Ainsi donc, malgré deux offensives de grande envergure, le Gouvernement soviétique de Juiking se défend encore et l’on ne peut affirmer que ses jours soient comptés. Les causes de l’insuccès relatif des opérations militaires de Nankin sont nombreuses; il faut citer, entre autres, les difficultés du terrain, qui fournissent aux détachements rouges, en cas d’échec, des refuges sûrs et qui obligent les armées régulières à rester à proximité des voies de communication; le manque de solidité des troupes, mal équipées et, surtout, irrégulièrement soldées, dont des corps entiers sont passés à l’ennemi; la mauvaise administration et la corruption des fonctionnaires locaux, civils et militaires, du Kuomintang, qui font des paysans, appauvris et écrasés de taxes irrégulières, la proie toute désignée des agitateurs communistes qui leur promettent la terre; enfin l’appui moral, matériel et financier que l’U.R.S.S. ne cesse d’accorder à l’adversaire.
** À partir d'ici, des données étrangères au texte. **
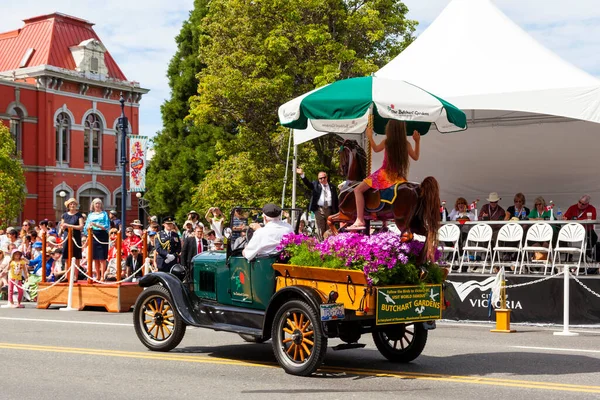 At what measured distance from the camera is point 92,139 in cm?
5728

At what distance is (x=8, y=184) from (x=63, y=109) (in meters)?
12.8

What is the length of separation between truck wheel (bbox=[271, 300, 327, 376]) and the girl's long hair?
1.78 metres

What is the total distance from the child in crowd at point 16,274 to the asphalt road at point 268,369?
642 cm

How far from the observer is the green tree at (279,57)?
95.4 ft

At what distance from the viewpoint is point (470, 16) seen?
18703 millimetres

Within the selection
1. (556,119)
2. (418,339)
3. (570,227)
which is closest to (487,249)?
(570,227)

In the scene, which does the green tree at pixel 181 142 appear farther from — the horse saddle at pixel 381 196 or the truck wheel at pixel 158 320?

M. Paréjas, professeur suisse à Nankin, de passage ici actuellement, me confirme que Chiang Kai-shek aurait compris maintenant la nécessité d’accompagner la répression militaire d’une réforme immédiate de l’administration locale, la nécessité aussi de réformes agraires qui permettraient d’offrir au paysan, dans les régions reconquises, autre chose que le retour à la misère et à l’exploitation antérieures. Le Gouvernement de Nankin vient, en outre, d’adopter et d’ordonner la mise à exécution urgente d’un vaste réseau routier autour de Nankin et Hankow, comportant 20000 kilomètres; s’il se réalisait, même très partiellement, ce projet faciliterait beaucoup aux troupes de Nankin l’approche des régions de refuge actuelles des forces rouges. Il serait imprudent de compter trop sur la réalisation rapide de ces plans; ils sont intéressants, cependant, par l’indication qu’ils donnent des difficultés à vaincre.